Now my idea was to get a Grid Tie Inverter with limiter like a Soyosource and call it a day.

This is going into my small garden hut that only has one phase and a base load of around ~100 Watts 24/7 (IT stuff is running there).

Anyway it's a small installation and now comes my dilemma. I got the info that I'm not allowed to install anything that is on-grid with the existing utility grid. That leaves me no other choice, but to either:

  1. Get a hybrid inverter, that supports lithium 24V and has as little power as possible and sell my Tracer3210AN
  2. Get an standalone inverter that would be switched with an automatic transfer switch

For option 1 I just can't find something that ticks all the boxes: Have MPPT and 24V Lithium support. I saw one from Growatt, but the 24V one only supports lead acid and I saw another one from PowMr that seems to be fine, but most of these are made for bigger installations and thus cost more. I saw people running those lead acid made ones with LIFEPO4 batteries, but that doesn't seem to be a good idea.

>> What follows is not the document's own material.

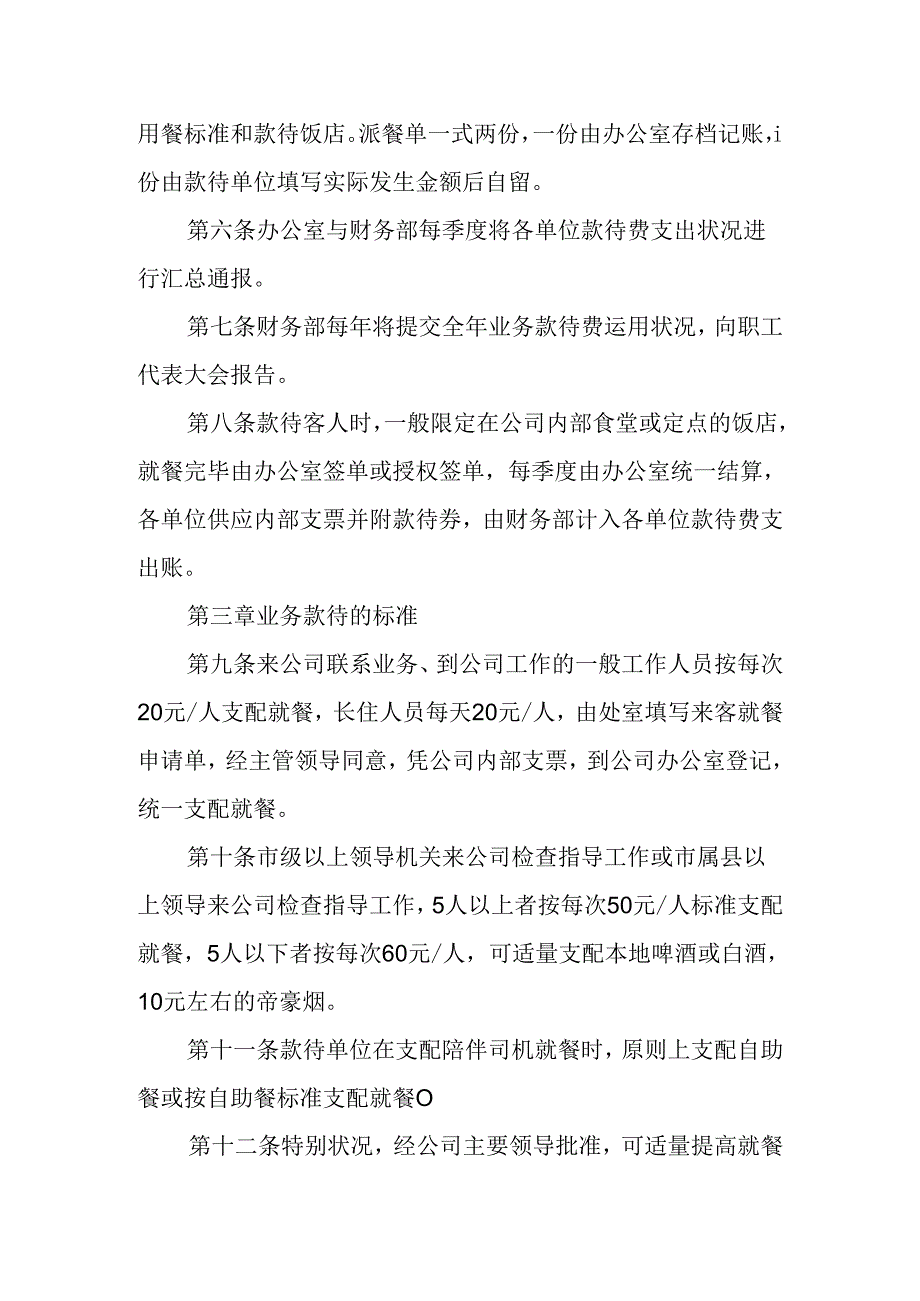 公司业务招待费管理规定.docx_第2页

I would love to be as cheap as possible here. Would getting a normal pure sine wave inverter, hook that up to the battery and have an ATS switch (my IT stuff is behind an UPS so the switch taking more than x ms is fine) when the battery voltage gets too low be the easiest way or does anyone know a hybrid inverter that supports 24V lithium with an actual MPP tracker (and not PWM) that doesn't cost let's say more than 500€? (I don't need much power anything above 1KW is already enough)

I saw someone in this forum link an inverter with automatic transfer switch already built in, but that seems to be us stock only and I didn't find anything similar for Europe.

Any help on how to proceed is appreciated, I know this is a kinda strange requirement and small scale installation.

Have a good day.
 
You actually have a third option-- charge from grid and use an off-grid inverter. If you want to be fully compliant that is going to be the lowest cost option. The hybrid inverter works best for isolating from the grid when grid is down, rather than switching to grid when battery/solar are down (but many of them can work in that mode).
 
Yeah, that would be the best option. Now I found an Off-Grid Inverter that has an ATS built in and switches to mains from the grid if the battery runs out. It will use my island until it runs out and switch. I'll go that route.

To make it more efficient I would completely ditch the DC -> AC -> DC chain that I have and power the IT-System through DC directly (the small computer uses a laptop charger and the POE-Switch, too) and have less conversation losses.
I wouldn't know how to make that "failover" though so that let's say 20% is always left in the battery as backup for missing mains and the system doesn't have a blackout when transfering from battery to DC from charger connect to grid.
 
...(the small computer uses a laptop charger and the POE-Switch, too) and have less conversation losses.
I wouldn't know how to make that "failover" though so that let's say 20% is always left in the battery as backup for missing mains and the system doesn't have a blackout when transfering from battery to DC from charger connect to grid.
The product offerings have changed here since I last used their products, but check out the offerings at Mini-Box. There used to be something that would switch up to 12V to an alternate source. The other option is to go with blocking diodes on the DC side, but you will need a suitable operating range for them to work properly.